_Exercise instructions:_
Retype, without changes, every line from the line that contains "Sweiko - Cream" through the final line of the records. Exclude pictures.

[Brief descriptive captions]
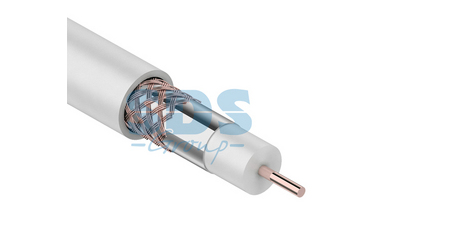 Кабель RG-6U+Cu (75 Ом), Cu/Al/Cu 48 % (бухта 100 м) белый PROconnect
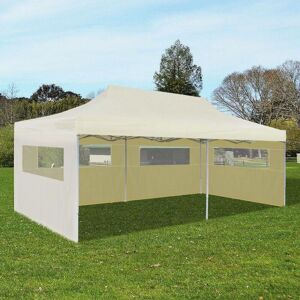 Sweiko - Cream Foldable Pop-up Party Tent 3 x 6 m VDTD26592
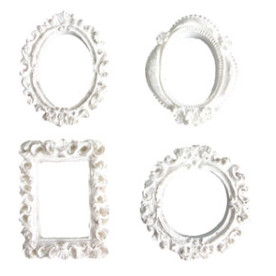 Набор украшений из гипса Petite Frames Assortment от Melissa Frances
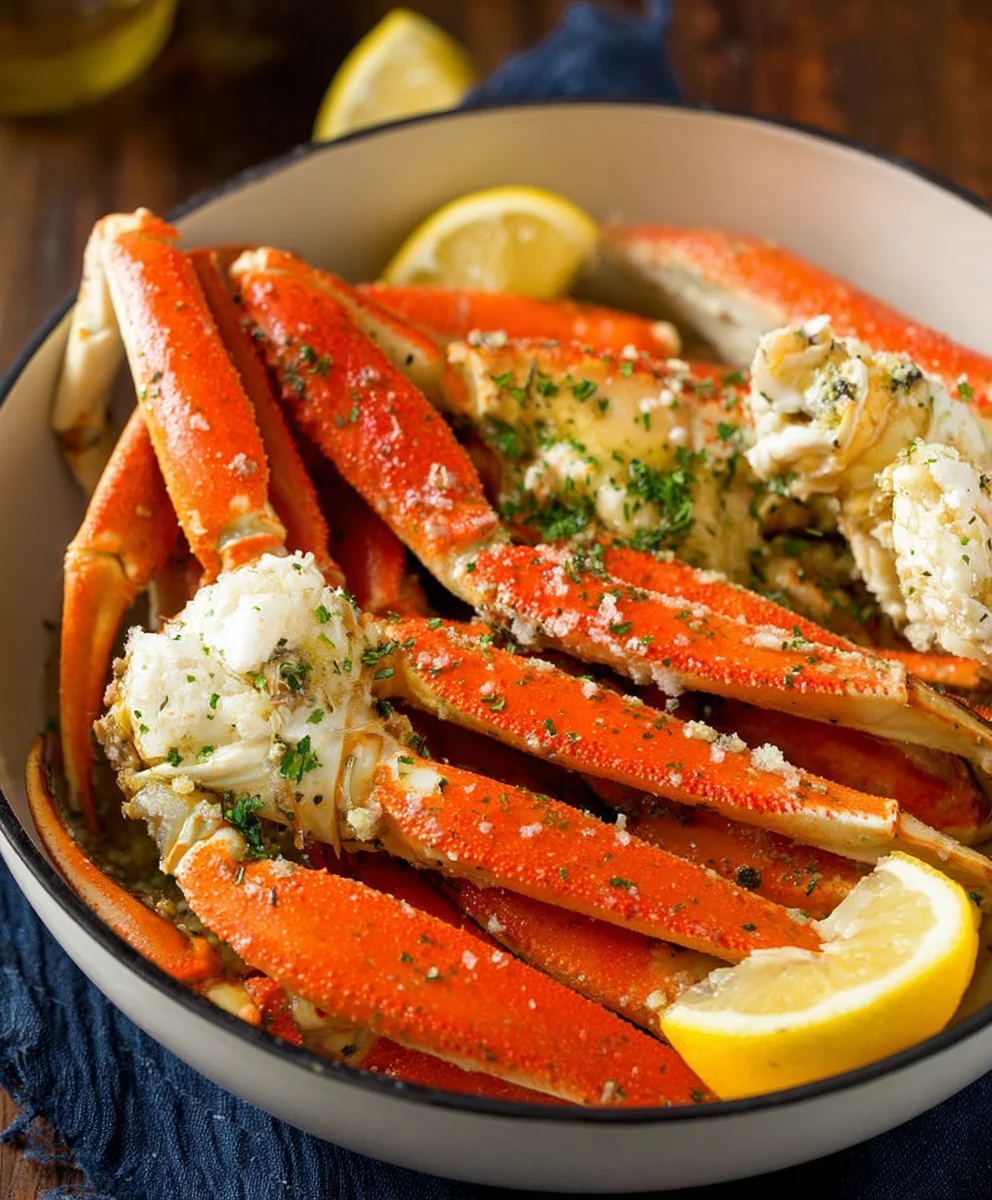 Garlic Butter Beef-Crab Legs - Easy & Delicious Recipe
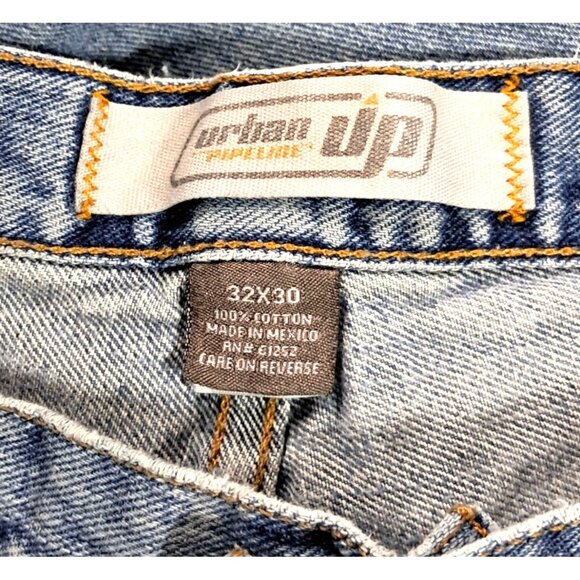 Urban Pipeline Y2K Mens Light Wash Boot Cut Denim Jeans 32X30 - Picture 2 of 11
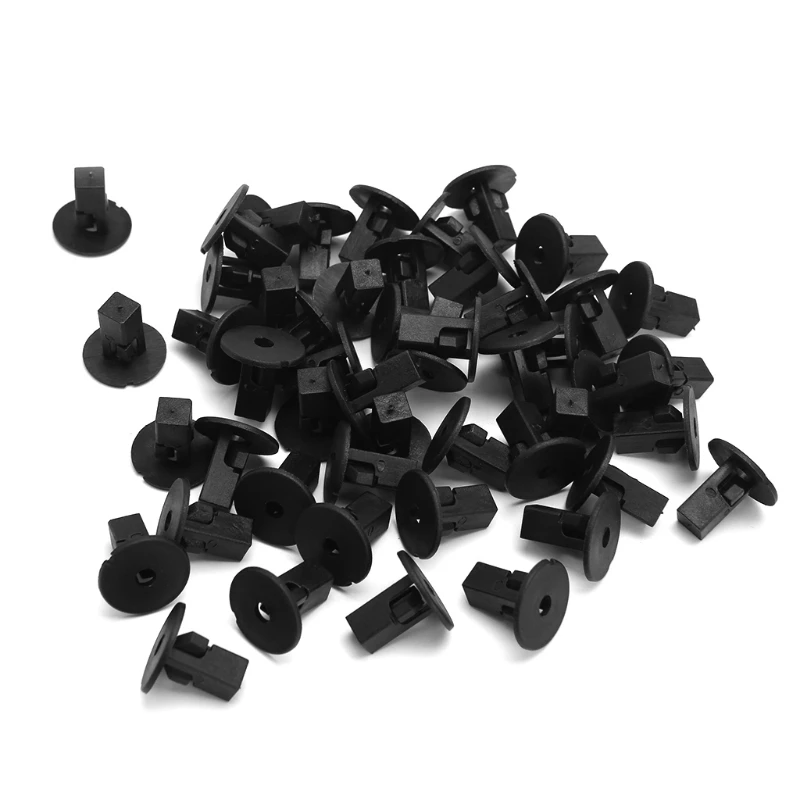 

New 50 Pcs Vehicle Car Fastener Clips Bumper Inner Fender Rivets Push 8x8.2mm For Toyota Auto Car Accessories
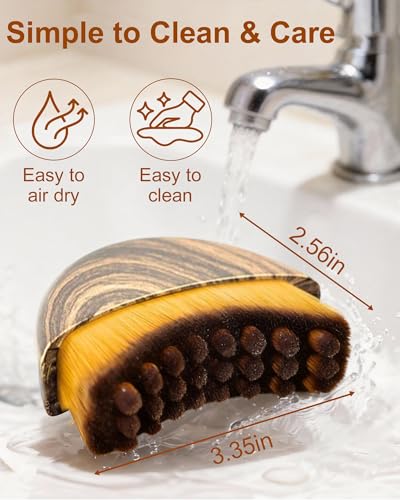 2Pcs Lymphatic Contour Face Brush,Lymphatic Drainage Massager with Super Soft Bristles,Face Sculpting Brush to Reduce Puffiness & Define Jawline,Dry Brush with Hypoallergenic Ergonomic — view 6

_Final answer:_
 Sweiko - Cream Foldable Pop-up Party Tent 3 x 6 m VDTD26592
 Набор украшений из гипса Petite Frames Assortment от Melissa Frances
 Garlic Butter Beef-Crab Legs - Easy & Delicious Recipe
 Urban Pipeline Y2K Mens Light Wash Boot Cut Denim Jeans 32X30 - Picture 2 of 11

New 50 Pcs Vehicle Car Fastener Clips Bumper Inner Fender Rivets Push 8x8.2mm For Toyota Auto Car Accessories
 2Pcs Lymphatic Contour Face Brush,Lymphatic Drainage Massager with Super Soft Bristles,Face Sculpting Brush to Reduce Puffiness & Define Jawline,Dry Brush with Hypoallergenic Ergonomic — view 6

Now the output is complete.